2. The broadband Sagnac Raman amplifier according to claim 1,
wherein said pumping means is a broadband pump comprising: a pump
laser having an output port; and a bandwidth adding mirror
connected to said output port to generate a broadened pump
spectrum.
3. The broadband Sagnac Raman amplifier according to claim 2,
wherein said bandwidth adding mirror comprises a Sagnac loop
mirror.
4. The broadband Sagnac Raman amplifier according to claim 3,
wherein said bandwidth adding mirror further comprises a coupler
with an unequal ratio.
5. The broadband Sagnac Raman amplifier according to claim 4,
wherein said coupler has a ratio of f:(1-f), and
0.ltoreq.f.ltoreq.1.
6. The broadband Sagnac Raman amplifier according to claim 3,
wherein said bandwidth adding mirror further comprises a
polarization controller located within said Sagnac loop mirror.
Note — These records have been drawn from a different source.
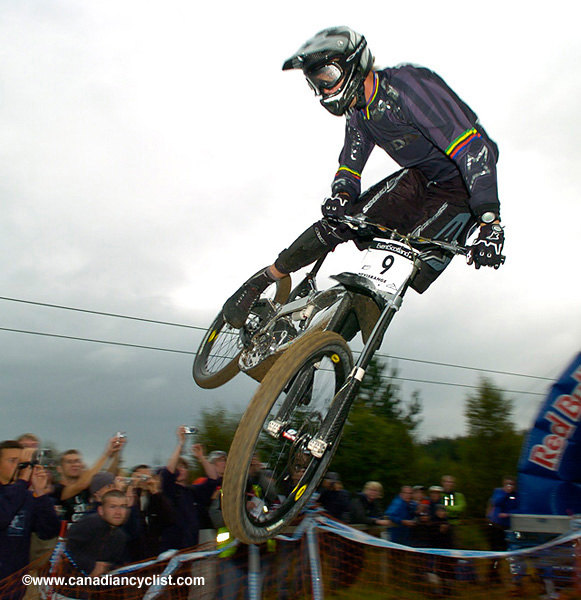 Fort William World Cup Final Fort William World Cup Final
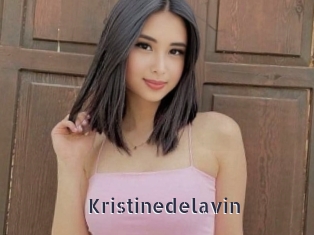 Kristinedelavin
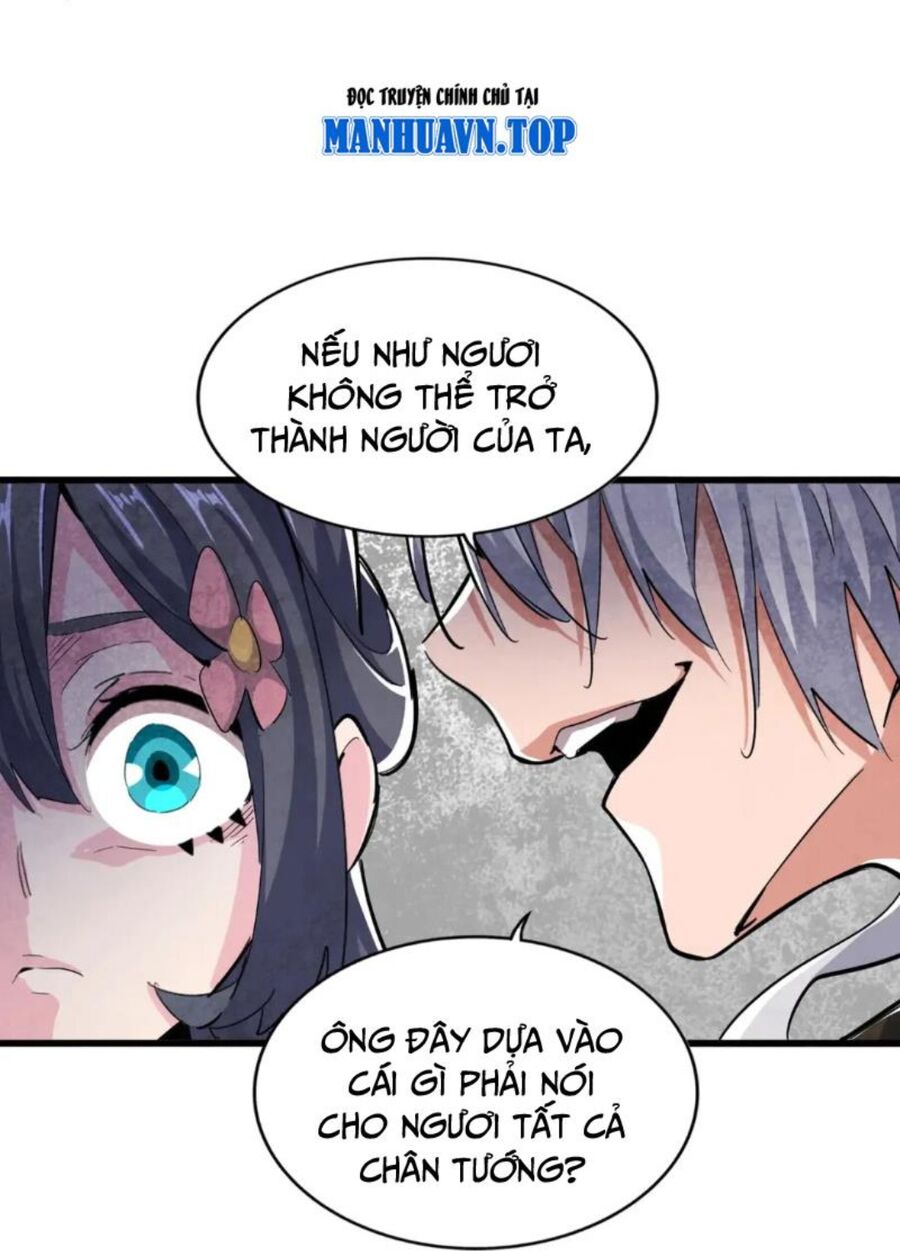 đại quản gia là ma hoàng Chapter 412 - Next chapter 413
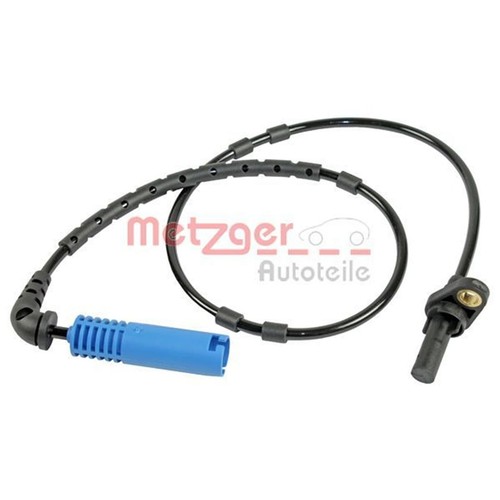 Metzger raddrehzahlsensor - metzger,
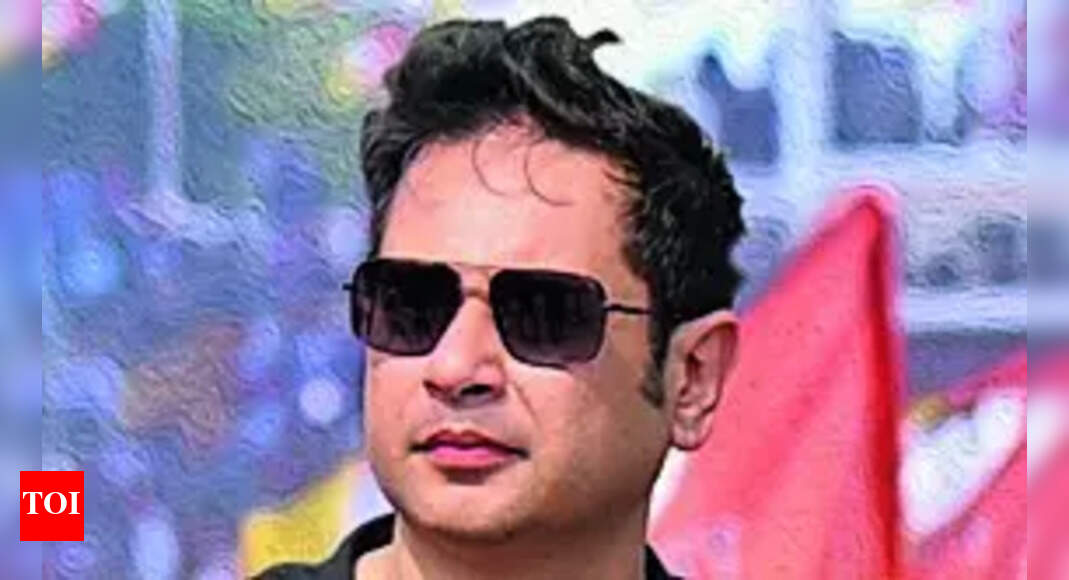 Pradyot to hold protest for tribal rights in Delhi today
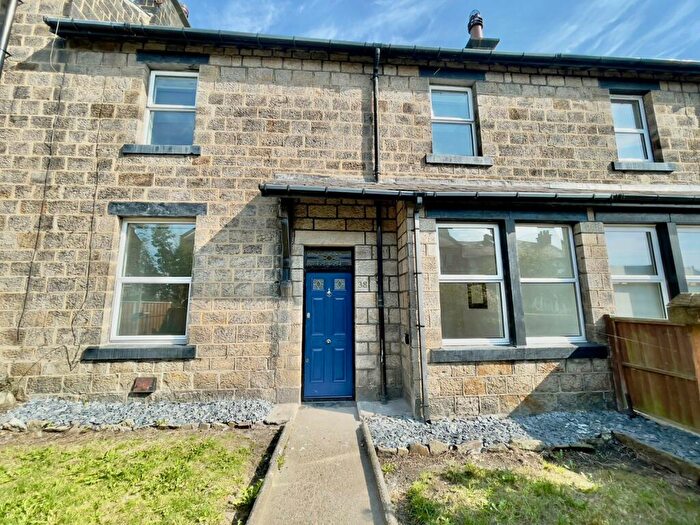 4 Bedroom Terraced House To Rent In Rose Terrace, Horsforth, Leeds, West Yorkshire, LS18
7. The broadband Sagnac Raman amplifier according to claim 3,
wherein said bandwidth adding mirror further comprises a phase
modulator asymmetrically located within said Sagnac loop
mirror.
8. The broadband Sagnac amplifier according to claim 3, wherein
said bandwidth adding mirror further comprises an amplitude
modulator asymmetrically located within said Sagnac loop
mirror.
9. The broadband Sagnac Raman amplifier according to claim 2,
wherein said pump laser is a cladding pumped fiber laser.
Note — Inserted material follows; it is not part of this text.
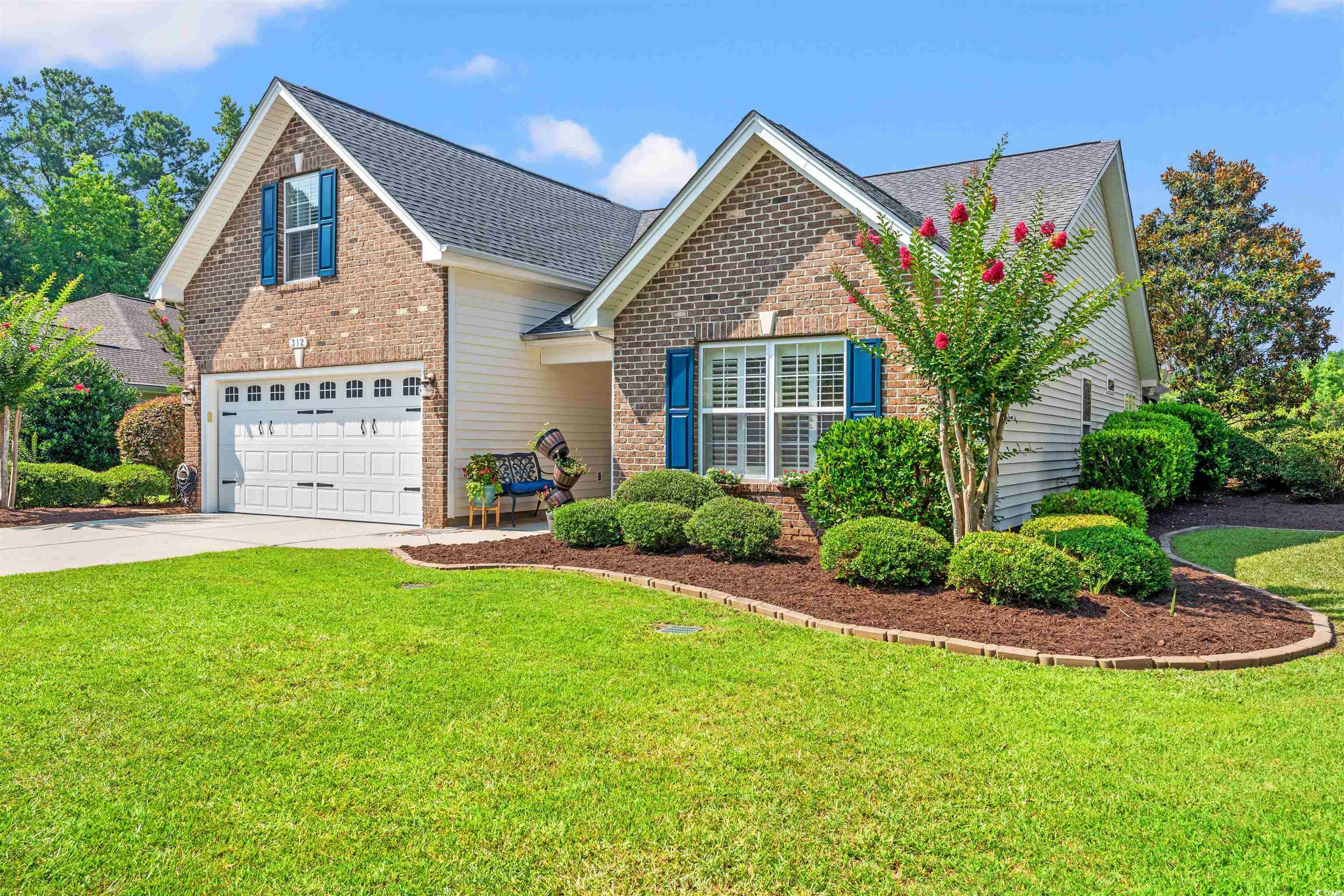 312 Caldera Court Murrells Inlet, SC 29576 - Photo 1 of 40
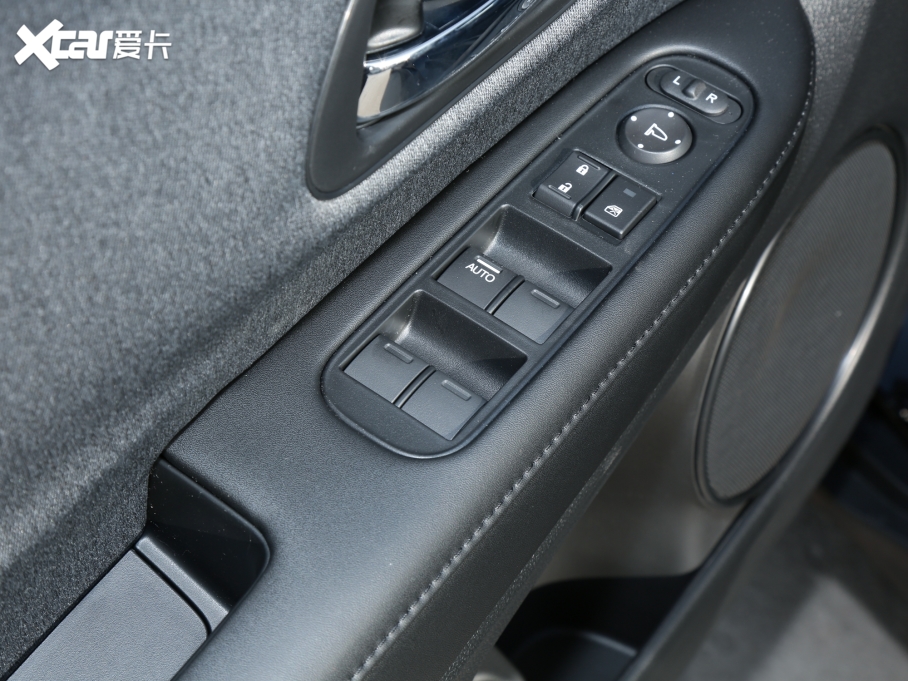 2022XR-V 1.5L CVTʯ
10. The broadband Sagnac Raman amplifier according to claim 9,
wherein said cladding pumped fiber laser is driven by a modulated
pump drive.
11. The broadband Sagnac Raman amplifier according to claim 9,
wherein a mechanical modulation is applied to said cladding pumped
fiber.
12. The broadband Sagnac Raman amplifier according to claim 1,
wherein said distributed gain medium comprises polarization
maintaining fibers cross-spliced at a joint in said Sagnac loop
mirror and said coupling means is polarization maintaining, and
said polarization maintaining fibers interchange polarization axes
at the cross-splicing joint.
13. The broadband Sagnac Raman amplifier according to claim 12,
wherein said coupling means is a coupler having a ratio of
50:50.
14. The broadband Sagnac Raman amplifier according to claim 12,
wherein said coupling means is a bulk 50:50 beam splitter.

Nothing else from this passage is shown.